XClose

UCL News

Home
Menu

Spotlight on Susanne Kord

18 August 2011

This week the spotlight is on Susanne Kord, Professor of German, School of European Languages, Culture and Society.

Susanne Kord

What is your role and what does it involve?

Thankfully, it's not a role but roles. To me the best thing about being an academic is the flexibility built into the job. I teach and research German, comparative literature, film and ideas about gender. I began my academic career as a teacher and researcher of 18th and early 19th-century German literature. Later, when I became interested in a whole lot of other things, the role changed to accommodate that.

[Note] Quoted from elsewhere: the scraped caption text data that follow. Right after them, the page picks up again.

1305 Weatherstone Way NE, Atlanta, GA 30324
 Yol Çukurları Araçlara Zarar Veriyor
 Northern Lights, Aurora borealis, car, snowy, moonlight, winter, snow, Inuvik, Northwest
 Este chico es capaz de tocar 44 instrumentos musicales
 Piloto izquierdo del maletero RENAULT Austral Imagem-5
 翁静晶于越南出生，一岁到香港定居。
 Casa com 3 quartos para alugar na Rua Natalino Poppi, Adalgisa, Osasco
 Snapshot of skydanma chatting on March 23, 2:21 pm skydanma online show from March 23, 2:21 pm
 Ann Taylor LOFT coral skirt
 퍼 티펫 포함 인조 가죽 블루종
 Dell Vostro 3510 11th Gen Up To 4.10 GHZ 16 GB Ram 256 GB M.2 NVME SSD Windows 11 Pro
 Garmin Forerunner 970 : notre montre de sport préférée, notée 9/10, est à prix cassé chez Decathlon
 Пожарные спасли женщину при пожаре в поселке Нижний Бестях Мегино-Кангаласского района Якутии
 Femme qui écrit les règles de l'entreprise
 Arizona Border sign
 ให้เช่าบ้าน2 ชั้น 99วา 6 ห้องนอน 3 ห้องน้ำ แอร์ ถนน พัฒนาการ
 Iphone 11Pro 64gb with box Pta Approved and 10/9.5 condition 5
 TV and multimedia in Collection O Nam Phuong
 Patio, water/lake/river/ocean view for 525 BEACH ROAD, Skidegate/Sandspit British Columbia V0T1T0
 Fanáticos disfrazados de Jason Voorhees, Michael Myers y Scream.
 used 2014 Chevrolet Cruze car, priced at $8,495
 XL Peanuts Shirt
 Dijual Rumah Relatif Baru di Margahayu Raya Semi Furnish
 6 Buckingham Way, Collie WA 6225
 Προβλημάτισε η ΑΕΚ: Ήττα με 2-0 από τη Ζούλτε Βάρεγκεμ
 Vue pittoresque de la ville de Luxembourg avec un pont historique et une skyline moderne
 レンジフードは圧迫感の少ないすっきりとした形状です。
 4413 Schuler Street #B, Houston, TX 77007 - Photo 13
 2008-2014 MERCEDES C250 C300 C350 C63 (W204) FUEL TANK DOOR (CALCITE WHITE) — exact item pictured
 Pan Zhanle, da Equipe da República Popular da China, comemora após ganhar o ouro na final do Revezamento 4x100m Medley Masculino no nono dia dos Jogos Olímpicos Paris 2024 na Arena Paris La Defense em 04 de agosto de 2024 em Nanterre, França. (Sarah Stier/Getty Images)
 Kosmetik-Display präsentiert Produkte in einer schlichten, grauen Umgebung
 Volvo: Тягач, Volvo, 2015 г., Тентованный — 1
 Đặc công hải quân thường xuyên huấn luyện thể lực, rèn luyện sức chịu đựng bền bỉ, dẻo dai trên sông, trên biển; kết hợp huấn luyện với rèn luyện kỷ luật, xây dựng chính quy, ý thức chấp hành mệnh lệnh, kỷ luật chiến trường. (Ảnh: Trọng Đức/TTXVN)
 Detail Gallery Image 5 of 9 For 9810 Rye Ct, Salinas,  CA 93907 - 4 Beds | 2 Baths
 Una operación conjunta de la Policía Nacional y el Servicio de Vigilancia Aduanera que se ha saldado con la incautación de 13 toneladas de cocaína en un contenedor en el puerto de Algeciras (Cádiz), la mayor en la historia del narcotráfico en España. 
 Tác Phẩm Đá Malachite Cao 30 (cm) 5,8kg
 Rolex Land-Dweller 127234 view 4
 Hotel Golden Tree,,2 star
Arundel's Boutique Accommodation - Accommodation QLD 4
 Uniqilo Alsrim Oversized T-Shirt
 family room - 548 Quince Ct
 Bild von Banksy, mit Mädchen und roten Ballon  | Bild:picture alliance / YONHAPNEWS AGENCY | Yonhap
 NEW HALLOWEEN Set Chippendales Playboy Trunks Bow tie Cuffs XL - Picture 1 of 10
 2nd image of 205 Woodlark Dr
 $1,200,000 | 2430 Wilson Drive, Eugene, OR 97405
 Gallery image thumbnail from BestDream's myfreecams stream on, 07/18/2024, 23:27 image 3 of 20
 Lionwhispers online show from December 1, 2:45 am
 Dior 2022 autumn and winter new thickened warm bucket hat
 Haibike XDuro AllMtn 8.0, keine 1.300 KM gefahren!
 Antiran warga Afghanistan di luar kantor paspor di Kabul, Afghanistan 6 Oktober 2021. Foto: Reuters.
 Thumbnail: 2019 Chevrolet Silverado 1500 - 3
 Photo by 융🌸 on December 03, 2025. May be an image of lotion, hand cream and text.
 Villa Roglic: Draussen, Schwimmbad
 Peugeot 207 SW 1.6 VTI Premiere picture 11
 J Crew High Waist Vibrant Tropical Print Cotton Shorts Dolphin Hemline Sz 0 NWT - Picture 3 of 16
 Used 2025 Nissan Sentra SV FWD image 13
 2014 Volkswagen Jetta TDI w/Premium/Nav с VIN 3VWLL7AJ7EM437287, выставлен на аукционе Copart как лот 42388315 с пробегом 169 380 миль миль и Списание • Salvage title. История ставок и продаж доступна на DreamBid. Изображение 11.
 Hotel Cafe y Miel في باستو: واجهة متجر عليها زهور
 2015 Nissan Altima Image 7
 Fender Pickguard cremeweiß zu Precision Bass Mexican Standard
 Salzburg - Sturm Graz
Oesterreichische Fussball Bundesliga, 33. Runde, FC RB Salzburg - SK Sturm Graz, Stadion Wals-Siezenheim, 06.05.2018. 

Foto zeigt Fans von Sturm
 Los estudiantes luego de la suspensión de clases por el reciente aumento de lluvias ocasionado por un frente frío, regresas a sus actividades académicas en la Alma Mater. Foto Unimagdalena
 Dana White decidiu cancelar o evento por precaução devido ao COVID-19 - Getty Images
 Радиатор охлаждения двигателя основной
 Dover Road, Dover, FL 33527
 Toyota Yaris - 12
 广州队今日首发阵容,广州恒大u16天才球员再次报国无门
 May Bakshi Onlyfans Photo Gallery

I write about a broad range of literary and semi-literary documents, from poetry and drama to 18th-century German interrogation records of murderesses to Hollywood movies. I don't believe that the most sophisticated conclusions are always drawn about the most sophisticated materials. I don't believe that the most important ethical questions are always discussed in the highest aesthetic forms.

To me, that means that if we only study 'high' literature and art, we ignore lesser aesthetic forms - things like Kitsch, pamphlets, or horror movies - at the cost of our ethical education.

Over the years, I've been interested in questions like the following: why have female writers, for the most part, used anonymity and pseudonyms differently from male writers? How is it possible that eighteenth-century milkmaids, cowherds and domestic servants - people who were supposedly barely literate - sometimes wrote and published poetry in which they emulated or lampooned entire literary traditions?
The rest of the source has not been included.